The GAL should always be mindful of the child's safety, well-being, and permanency interests and ensure these issues are raised at every hearing. Further, the GAL should take all steps to promote speedy permanence for the child, which will generally mean the following:
- Attempting to reduce case delay
- Ensuring the issue of reasonable efforts is raised and addressed at all hearings
- Working with the agency responsible for the care of the child to identify and provide appropriate services to the family and find the child a permanent home
In determining what is in the child's best interests, the GAL should use objective criteria. The criteria for determining what is in the child's best interests should include, but not be limited to the following:
- Interviews/observations and/or discussions based on the child's developmental stage with the child in an environment familiar to the child
- A full and efficient independent investigation, including interviews and consultation with the child's caregivers, relatives, therapists, teachers, doctors, social worker, and other service providers to assess the child's circumstances
- Careful investigation of available kin interested in being a placement option
- An inquiry into all available placement and visitation alternatives (including siblings)

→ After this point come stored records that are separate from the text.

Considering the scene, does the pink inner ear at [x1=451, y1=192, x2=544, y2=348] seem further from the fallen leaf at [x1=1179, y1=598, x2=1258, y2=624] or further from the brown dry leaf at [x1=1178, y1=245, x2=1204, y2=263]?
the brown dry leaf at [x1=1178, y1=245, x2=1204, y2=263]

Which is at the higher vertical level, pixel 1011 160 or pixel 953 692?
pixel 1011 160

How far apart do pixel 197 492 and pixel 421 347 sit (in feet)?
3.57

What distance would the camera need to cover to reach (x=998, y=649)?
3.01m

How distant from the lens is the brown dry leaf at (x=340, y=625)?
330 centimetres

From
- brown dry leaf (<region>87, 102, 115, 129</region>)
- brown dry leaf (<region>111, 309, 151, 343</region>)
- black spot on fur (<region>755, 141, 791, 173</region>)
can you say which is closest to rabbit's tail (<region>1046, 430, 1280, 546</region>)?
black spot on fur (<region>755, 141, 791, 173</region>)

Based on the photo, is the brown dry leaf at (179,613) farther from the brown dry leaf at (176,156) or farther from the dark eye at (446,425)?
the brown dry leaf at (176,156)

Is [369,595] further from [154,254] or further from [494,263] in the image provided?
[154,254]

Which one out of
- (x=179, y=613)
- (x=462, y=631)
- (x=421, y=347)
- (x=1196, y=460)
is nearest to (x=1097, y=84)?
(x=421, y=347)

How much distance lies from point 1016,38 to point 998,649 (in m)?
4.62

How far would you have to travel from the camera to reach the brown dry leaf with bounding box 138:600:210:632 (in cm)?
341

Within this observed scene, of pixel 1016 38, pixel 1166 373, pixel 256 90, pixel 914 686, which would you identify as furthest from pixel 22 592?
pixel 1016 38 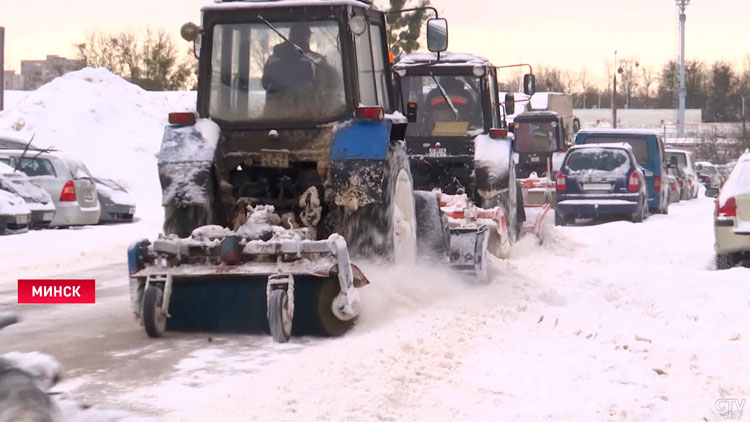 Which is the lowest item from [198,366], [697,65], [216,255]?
[198,366]

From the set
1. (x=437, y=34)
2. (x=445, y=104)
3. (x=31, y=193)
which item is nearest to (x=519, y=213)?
(x=445, y=104)

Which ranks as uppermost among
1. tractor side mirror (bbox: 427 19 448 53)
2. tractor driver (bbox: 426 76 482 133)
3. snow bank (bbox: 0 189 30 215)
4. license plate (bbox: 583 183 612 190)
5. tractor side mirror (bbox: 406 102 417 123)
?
tractor side mirror (bbox: 427 19 448 53)

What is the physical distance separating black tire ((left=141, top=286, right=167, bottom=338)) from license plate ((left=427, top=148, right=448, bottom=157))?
7354 mm

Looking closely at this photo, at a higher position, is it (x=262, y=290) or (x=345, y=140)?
(x=345, y=140)

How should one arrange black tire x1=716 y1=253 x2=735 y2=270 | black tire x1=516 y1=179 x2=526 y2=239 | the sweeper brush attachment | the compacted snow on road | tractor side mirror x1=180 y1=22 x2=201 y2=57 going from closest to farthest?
1. the compacted snow on road
2. the sweeper brush attachment
3. tractor side mirror x1=180 y1=22 x2=201 y2=57
4. black tire x1=716 y1=253 x2=735 y2=270
5. black tire x1=516 y1=179 x2=526 y2=239

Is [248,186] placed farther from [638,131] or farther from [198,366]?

As part of the GAL's duty to determine and represent the child's best interests, the GAL may, during the course of the case, advocate for services for other parties that the GAL believes is in the child's best interests for that party to receive. For example, the GAL may advocate for a parent to receive substance use treatment or assistance with housing.
How the Representative Is Compensated
Citation: Ann. Code § 16-2326.01
An attorney who is appointed to serve as GAL for a child who is the subject of a neglect proceeding shall, at the end of the representation or at the end of a segment of the representation, be compensated at a rate not less than the hourly rates established in D.C. Code § 11-2604. The attorney may also make a claim for expenses reasonably incurred during the course of the representation.
Compensation for each case shall be subject to the following limitations:
- For all proceedings from initial hearing through disposition, the maximum compensation shall be $1,980.
- For all subsequent proceedings other than termination of parental rights, the maximum compensation shall be $1,980 per year.
- For proceedings to terminate parental rights, the maximum compensation shall be $2,700.
- For appeal of trial court orders, the maximum compensation shall be $1,350 per case.
A separate claim for compensation and reimbursement shall be made to the superior court of the District of Columbia for representation before that court and to the court of appeals for representation before the court of appeals. Each claim shall be supported by a sworn written statement specifying the time expended, services rendered, and expenses incurred while the case was pending before the court as well as the compensation and reimbursement applied for or received in the same case from any other source. The superior court or court of appeals shall fix the compensation and reimbursement to be paid to the attorney.